Grounded Analysis: Similar to content analysis in that it uses similar techniques for coding, however you do not start from a defined point. Instead, you allow the data to ‘speak for itself’, with themes emerging from the discussions and conversations.
Social Network Analysis: Examines the links between individuals as a way of understanding what motivates behavior.
Discourse Analysis: Which not only analyses conversation, but also takes into account the social context in which the conversation occurs, including previous conversations, power relationships and the concept of individual identity.
Narrative Analysis: Looks at the way in which stories are told within an organization, in order to better understand the ways in which people think and are organized within groups.
Conversation Analysis: Is largely used in ethnographic research, and assumes that conversations are all governed by rules and patterns which remain the same, whoever is talking. It also assumes that what is said can only be understood by looking at what happened both before and after.
Sometimes you may wish to use one single method, and sometimes you may want to use several, whether all one type or a mixture of Quantitative or Qualitative data. Remember to have a goal or a question you want to answer – once you know what you are trying to learn, you can often come up with a creative way to use the data. It is your research, and only you can decide which methods will suit both your questions and the data itself. Quicktip: Make sure that the method that you use is consistent with the philosophical view that underpins your research, and within the limits of the resources available to you.
4. You do not always have the data you need in the way that you need it.
In a 2014 Teradata study, 42% of respondents said they find access to data cumbersome and not user-friendly. You might have the data, but format is KEY: it might be rife with errors, incomplete, or composed of different datasets that have to be merged. When working with particularly large datasets, oftentimes the greatest timesink – and the biggest challenge – is getting it into the form you need.

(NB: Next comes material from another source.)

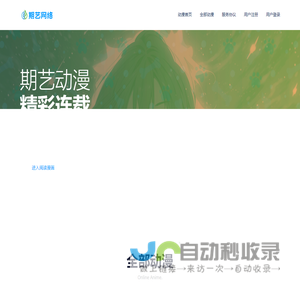 勇闯秘境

5. Not all data is equally available.
Sure, some data may exist free and easy on the Web, but more often than not, the sheer volume, velocity, or variety prevents an easy grab. Furthermore, unless there is an existing API or a vendor makes it easily accessible by some other means, you will ultimately need to write a script or even complex code to get the data the way you want it.
6. While an insight or approach adds value, it may not add enough value.
In Broken Links: Why analytics investments have yet to pay off, from the Economist Intelligence Unit (EIU) and global sales and marketing firm ZS, found that although 70% of business executives rated sales and marketing analytics as “very” or “extremely important”, just 2% are ready to say they have achieved “broad, positive impact.”
In 2013, The Wall Street Journal reported that 44% of information technology professionals said they had worked on big-data initiatives that got scrapped. A major reason for so many false starts is that data is being collected merely in the hope that it turns out to be useful once analyzed. This type of behavior is putting the cart before the horse, and can be disastrous to businesses – again, remember to have a goal or question you want to answer.
Not every new insight is worth the time or effort to integrate it into existing systems. No insight is totally new. If every insight is new, then something is wrong.
Hopefully these tips will set you off in the right direction when you are considering to incorporate additional datasets and their associated analytics platforms into your business process. Good Luck!